Are you providing adequate protection to your sensitive and confidential data? I’m sure we all do our best to protect our confidential data in a production environment by allowing only approved methods to access production data. But how are you protecting your development and testing environments when they contain copies of production databases?

Generating good development and test data is a tough job. Not only that but sometimes it is tough to reproduce production data issues in generated test data. Because of these two issues and a slew of other issues, many DBAs and developers fall into the simple method of generating test data by just copying production data down to non-production environments. By definition, non-production environments are typically less secure than production environments. Developers have different, normally more elevated, rights in these lower environments which means they can see data they are not able to see in production. Because of this, it is a bad idea to copy production data to non-production environments without cleansing the data first. This is where Static Data Masking can help.

What is Static Data Masking?

Static data masking is the process of permanently replacing sensitive data in your database with meaningless values. These meaningless values can be created by obfuscating part of or the complete column value with a generated value. Diagram 1 shows how static data masking replaces the complete CreditCardNum column value with a single generated value for all credit card numbers.

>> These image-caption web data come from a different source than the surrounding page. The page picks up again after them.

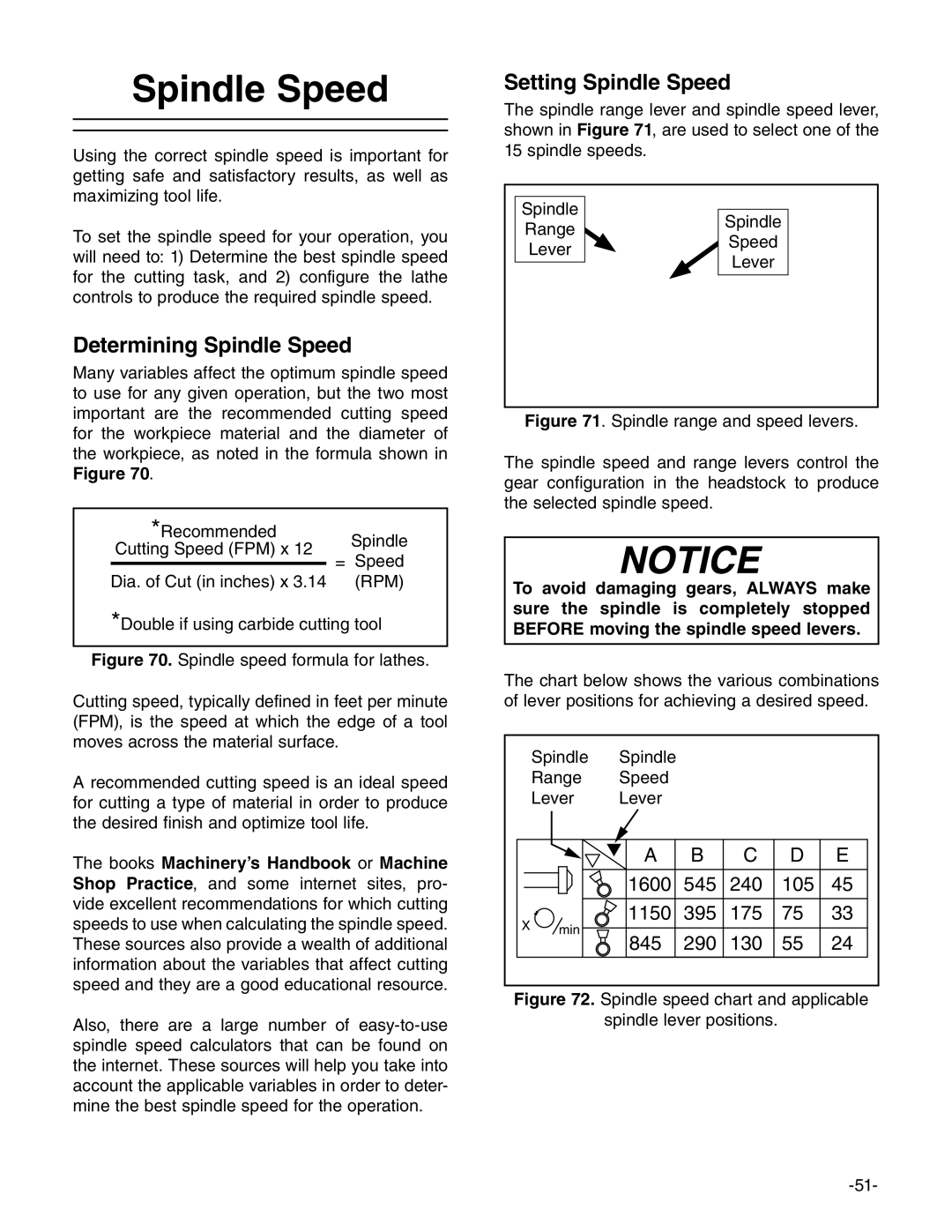 Grizzly g0749, g0746 owner manual Determining Spindle Speed, Setting Spindle Speed 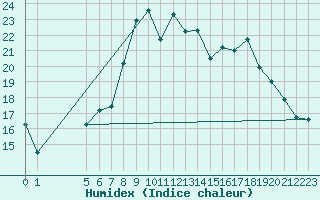 Courbe de l'humidex pour Fjaerland Bremuseet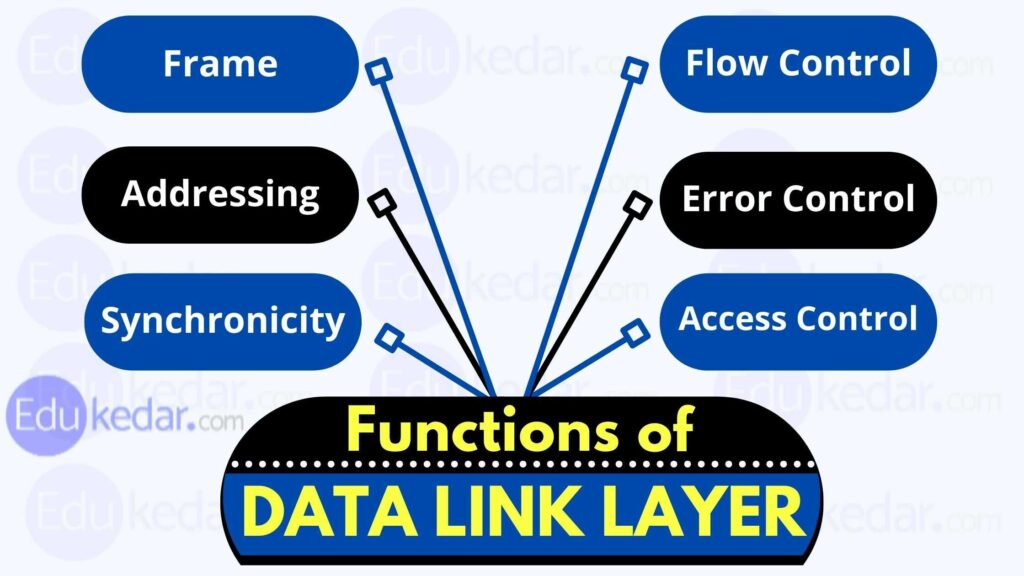functions of data link layer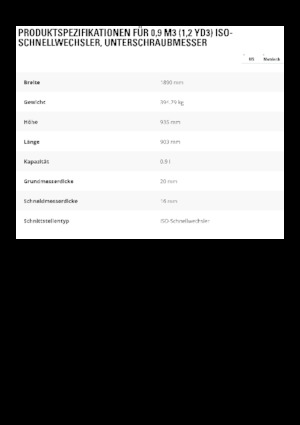 Žlice utovarivača na kotačima Caterpillar 0,9 m3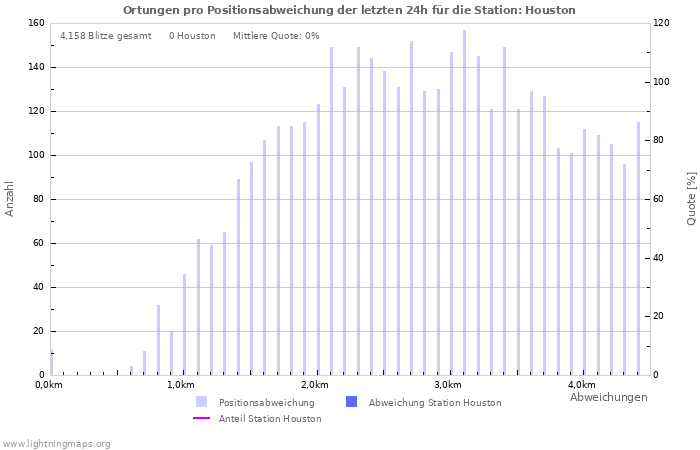 Diagramme: Ortungen pro Positionsabweichung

Diagram 1: Example of Single Value Static Data Masking

Performing Static Data Masking

Obscuring your sensitive data when copying your production data to non-production environments is one way to protect your confidential/sensitive production data. To help with performing static data masking, the Microsoft Security team incorporates static data masking as a new feature in SQL Server Management Studio (SSMS) 18.0 preview 5, or above. With the introduction of this new feature, you are now able to create a cloned copy of an on premises SQL Server database, where the confidential/sensitive data is statically masked in the cloned copy of the database.

Preview 5 and above of SSMS allows you to identify which columns are to be masked, and the functions that will be used in the masking operations. These masking definitions are then used to create a copy of your database that contains cleansed, statically masked data, where defined. The static data masking feature works on SQL Server 2012, or newer databases, as well as Azure SQL Database (DTU and vCore-based hosting options, excluding Hyperscale), and SQL Server on an Azure Virtual machine.

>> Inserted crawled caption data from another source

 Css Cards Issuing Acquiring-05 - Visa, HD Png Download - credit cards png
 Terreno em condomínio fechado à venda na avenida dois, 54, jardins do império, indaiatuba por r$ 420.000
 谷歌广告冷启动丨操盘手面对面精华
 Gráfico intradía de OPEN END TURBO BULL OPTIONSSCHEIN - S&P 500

How to Get the Latest Version of SSMS

In order to learn how to perform static data masking, you first need to obtain the bits for SSMS 18.0 preview 5 or higher. To download the bits that have the static data masking feature, look at this page to find the latest download that supports Static Data Masking (at the time of the writing of this article, that was preview 6).

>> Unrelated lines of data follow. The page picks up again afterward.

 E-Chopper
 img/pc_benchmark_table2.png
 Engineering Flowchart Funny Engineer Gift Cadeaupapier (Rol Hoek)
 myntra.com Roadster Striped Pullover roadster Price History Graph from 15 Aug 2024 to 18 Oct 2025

Run the exe to install the preview 6 bits, and you may have to reboot your machine. With the installation of the newest version of SSMS, you are ready to test out this new static data masking feature.

Methods of Masking Data

Before I can demonstrate how to mask data using SSMS Preview 6, I’ll first review the static data masking functions that are available in this new version. There are five static masking options available: NULL, single-value, shuffle, group shuffle, and string composite. The masking requirements will dictate which one of these masking functions will be used. Here’s a closer look at each of these functions.

NULL masking:

The NULL masking function will replace the original column value with a null in the cloned database. Note the masked column needs to support null columns in order to use this masking option.

Single-Value masking:

The single-value masking function replaces the original column values with a single value of your choice. Keep in mind the single value needs to be convertible to the column data type of the column being masked.

Shuffle masking:

With shuffle masking, the original column values are shuffled around. These shuffled values are then used to replace the original value in a row, with one of the shuffled values. If your original data has NULL values, you have the option of not replacing the NULL value or shuffling the NULL values around.

Group Shuffle masking:

The group shuffle masking binds multiple columns together for the shuffle operation. This function is useful when there is a relationship that you want to maintain between the multiple columns like, city, state and postal code.

String Composite masking:

String composite masking allows randomly generating masked data using a pattern. This pattern can replace and format the entire column value or only a portion of the column value. Patterns are provided using Regex-like expressions.

Sample Database for Testing Static Data Masking

In order to demonstrate creating a statically masked database, create a demo database named StaticMaskingDemo, using the T-SQL code in Script 1.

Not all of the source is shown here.